A mídia televisiva exerce nas favelas das metrópoles brasileiras um grande impacto informacional e tem se tornado o elemento central das estratégias da governabilidade. Não pretendemos tratar no presente artigo os produtos televisivos sob o foco interpretativo, nem como signos de outra coisa, mas utilizaremos a produção midiática como práticas e estratégias concretas de visibilidade dos serviços estatais. Estas produções definem práticas discursivas que vão além da peça em sí. Não procuramos estabelecer o que se pensou, o que quiz dizer ou o que desejou com essas produções mas o seu impacto ambiental na comunicação a partir da veiculação.

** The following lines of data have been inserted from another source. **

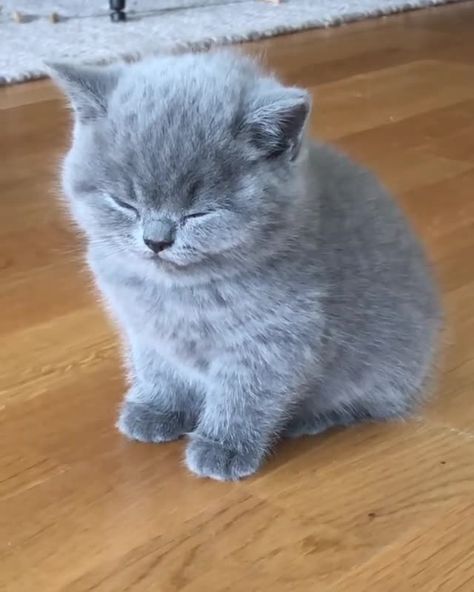 Grey Munchkin Cat, Cute Grey Kitten, Cute Gray Cat, Cute Grey Cat, Cats Gray, Fat Kitten, Gray Kitten, Gray Cats, Munchkin Kitten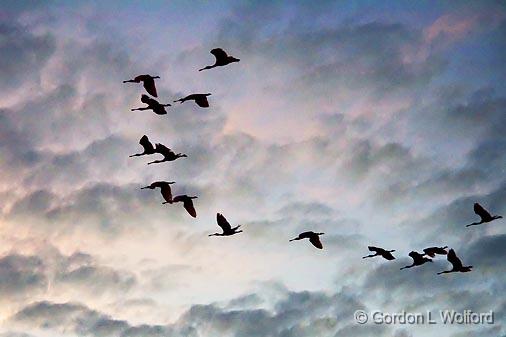 Flock Of Roseate Spoonbills In Flight_26854.jpg - Flying toward the rising sun, photographed along the Texas Gulf Coast near Port Lavaca, Texas, USA.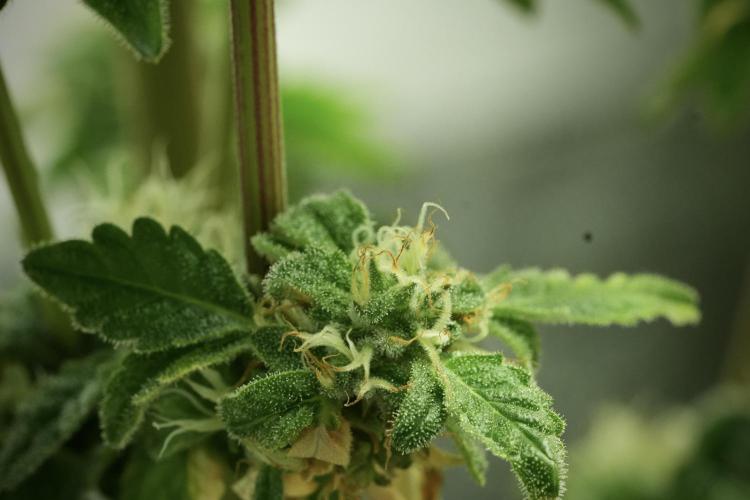 SOUR DIESEL-The Ascension of a Legend. Week 12 - Sour Diesel 
“The Ascension of a Fighter”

A produção televisiva da Rede Globo de Televisão na primeira década dos anos 2000 possui características distintas de outros períodos oferecendo tanto na dramaturgia quanto no jornalismo uma proposta de prestação de serviço público, procurando se afirmar como componente necessário do poder. Na periferia as ações estatais que se estabilizaram e os enunciados que se repetem regularmente caracterizam o fenômeno da midiatização na esfera política. São rupturas e transformações que afetam o regime geral das produções televisivas brasileiras, atuando como forças modalizantes de pensamento do cidadão que reside em áreas degradadas e favelas.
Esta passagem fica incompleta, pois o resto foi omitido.